Current through coils
wrote in message
oups.com...
Yuri Blanarovich wrote:
Tom.
You tell that to the RF ammeters installed on the vertical, W9UCW's
pictures
on my page!
1.) I can build an antenna that has greatly uneven currents at the ends
of the loading coil, but the antenna rea above the inductor is wasted
and the system will be less efficient than a properly designed system.
2.) The meters are large and have a good deal of self-capacitance
compared to the capacitance at the point where they are connected, and
are directly connected to the antenna. Bad idea to base a whole concept
of how an antenna works on something like that.
You can mumbo-jumbo all the theory, you can dream of, but reality shows
that
in the say, quarter wave vertical, with loading coil the current at both
ends of the coil is different.
It can be different, but in a well designed system it is essentially
the same. The only difference is caused by displacement currents, and
that is a result of stray capacitance. Wind a good coil that has low
self-C to the outside world compared to the antenna hanging above the
coil, and the problem of large uneven current goes away.

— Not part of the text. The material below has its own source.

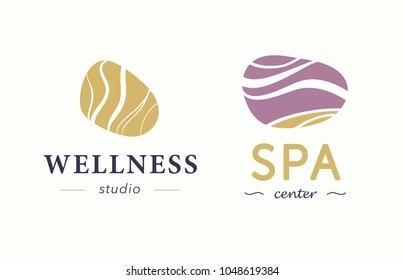 Wellness and spa center logo with abstract stylized stone isolated on white background. Also good for beauty and yoga studio, massage salon, health care centers, fashion insignia design.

Cecil explained the various situation
depending where the coil is placed within the radiator and at overall
antenna curve.
I doubt that. If he explained it in those terms he was missing some
important points.
Try this test, no meters necessary (perhaps the aquarium strip
thermometer):
Take your 80m Hustler antenna with Hustler loading coil and whip. At the
resonant frequency put about 600 Watts to it for a while. Stop
transmitting
and go feel (or read the temperature on the strips) the coil, bottom end
and
the top end. Same temperature? Temperature is proportional to the current
flow (same diameter wire) - warmer end - more current.

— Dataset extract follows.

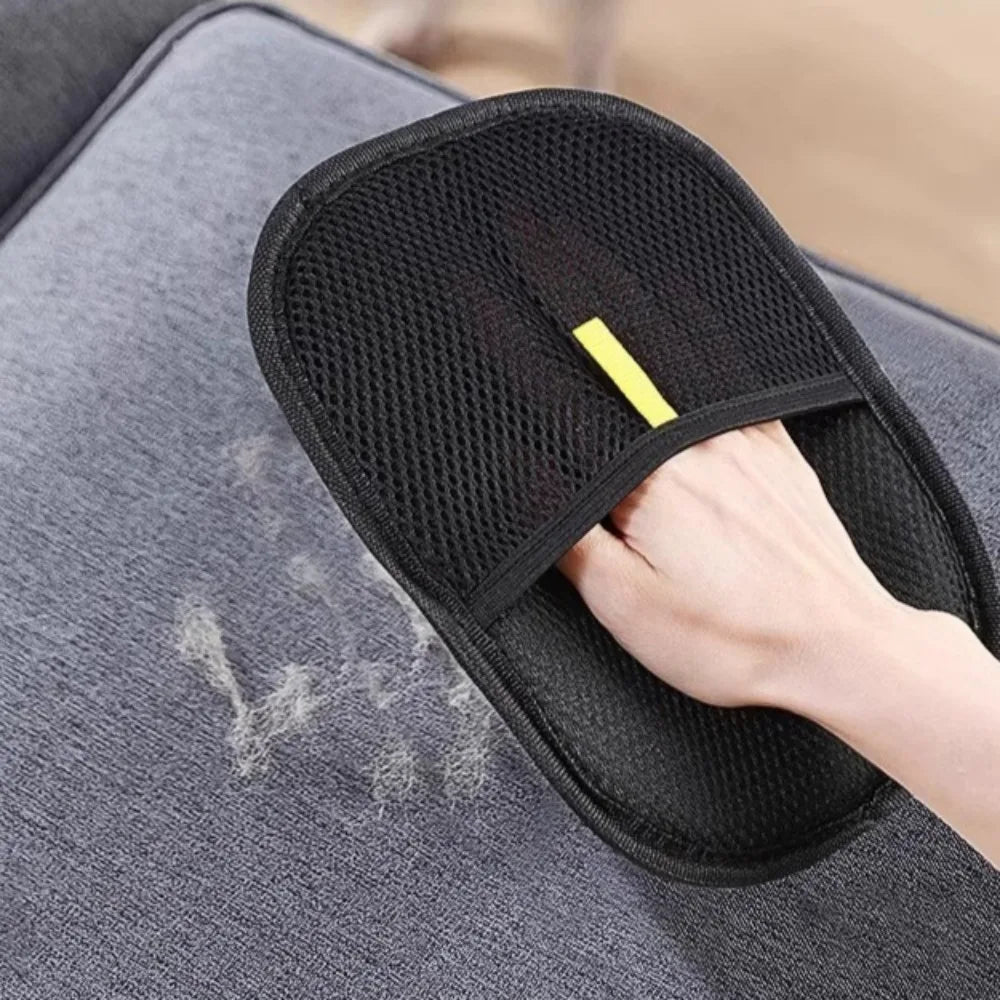 Large Pet Grooming Gloves for Dogs & Cats Black Polypropylene Hair Removal with Yellow Accents Upgraded Static-Free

Are you saying thermal effects have no bearing?
It's getting pretty dangerous to write a theory based only on a Hustler
mobile coil with almost no stinger above the coil. One of the reasons
the Hustler works so poorly is the distributed capacitance in the coil
is large compared to the tiny stinger above the coil.
The Hustler has narrow bandwidth and poor efficiency because of the
coil design.
Then test two: Keep the RF flowing until heat shrink tubing on the coil
starts melting. Where does it melt first? Bottom of the coil or nicely
uniformly as you claim it should?
I never claimed uniformly in ALL coils. I set boundaries as to the
conditions. I can replace that Hustler coil with another coil and ruin
your theory about standing waves and missing antenna degrees.
73 Tom
Yea Tom, it all started with ALL coils, it is MY theory and you can ruin MY
theory. Riiiight! It's getting pathetic. Yea, meters are too big, Hustler is
crapy, Cecil is wrong, and you never claimed uniformly in all coils, just
those that you have. Reality is wrong, your "theory" is right! Rrrrright!!!

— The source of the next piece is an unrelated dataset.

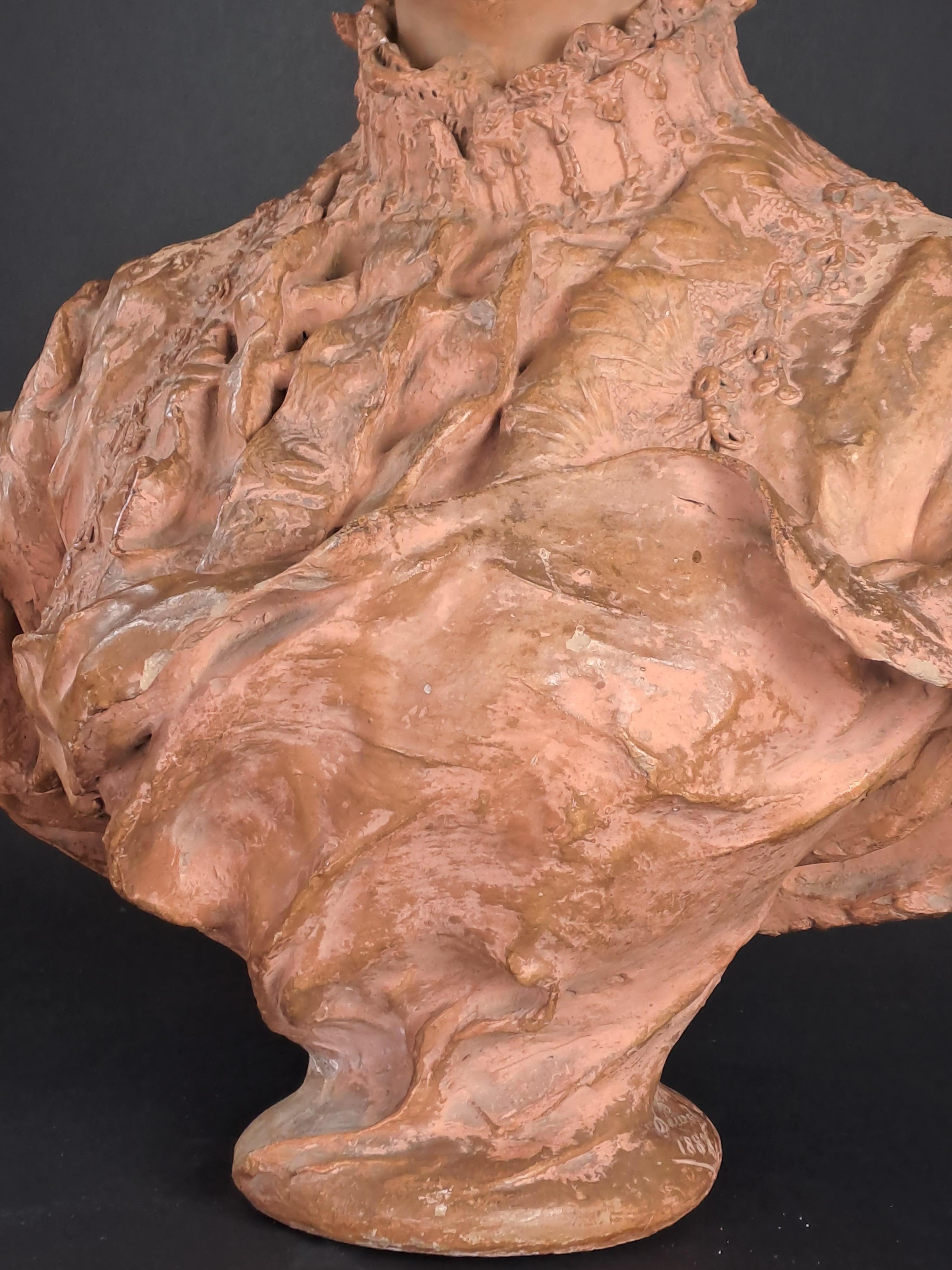 Busto femminile in terracotta firmato Denys Puech in vendita 1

But what a coincidence that what W9UCW measured, jives with what Cecil
calculated. Hmmm!
ANSWER Cecil's question about his modeled example. I guess when someone is
stuck on something and dunt gitit, its tough!
I am just waiting how you will come around, dancing around in mumbo-jumbo
circles and then will become guru on how current IS different in the loading
coils. Happened in the past, will happen again. You are WRONG, reality
proves it, regardless of your detours.
BTW, what engineering degree, from what university do you have or PE that
gives you right to put labels like "JI Engineering" on your products?